International Journal of Chemical Reactor Engineering
Ed. by de Lasa, Hugo / Xu, Charles Chunbao
6 Issues per year
IMPACT FACTOR 2016: 0.623
5-year IMPACT FACTOR: 0.761
CiteScore 2016: 0.58
SCImago Journal Rank (SJR) 2016: 0.224
Source Normalized Impact per Paper (SNIP) 2016: 0.297
Hydrodynamic and Mass Transfer Parameters in Agitated Reactors Part I: Critical Mixing Speed, Induced Gas Flow Rate, and Wavy Surface in SARs and GIRs
The critical mixing speed for gas entrainment (NCRE), for gas induction (NCRI), induced gas flow rate (QGI) as well as the wavy gas-liquid interfacial area (aWave) of N2 and air were measured in pure toluene and three mixtures of organic liquids (toluene-benzoic acid-benzaldehyde mixtures) under wide ranges of temperatures, T (300-453K), pressures, P (1-15 bar), mixing speeds, N (13.3-23.3Hz) and liquid heights, H (0.171-0.268m) using a 4-liter, see-through agitated autoclave operating as a surface-aeration reactor (SAR) and gas-inducing reactor (GIR).NCRE and NCRI as well as aWave were estimated by analyzing the videos taken with an on-line high-speed Phantom camera through the reactors Jerguson windows.

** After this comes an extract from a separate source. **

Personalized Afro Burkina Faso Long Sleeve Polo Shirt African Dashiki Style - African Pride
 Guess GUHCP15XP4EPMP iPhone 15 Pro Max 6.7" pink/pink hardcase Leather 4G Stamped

In the GIR, QGI was determined using a highly sensitive Coriolis mass flow meter. The Central Composite Statistical Design and analysis technique was used to study the effect of operating conditions on these hydrodynamic parameters.NCRE and NCRI appeared to increase with liquid height and decrease with temperature, whereas, the pressure and gas nature did not significantly affect both parameters. The liquid physicochemical properties were found to strongly affect NCRE and NCRI, and QGI. Increasing mixing speed or decreasing liquid height increased QGI. Increasing temperature or decreasing liquid viscosity initially increased and then decreased QGI. Increasing pressure or gas density on the other hand decreased QGI. Increasing mixing speed and temperature or decreasing liquid height significantly enhanced aWave, as compared to the flat liquid surface. At high pressures, however, lower values of aWave were obtained. Empirical and statistical correlations were also developed to accurately predict NCRE, NCRI, QGI and aWave.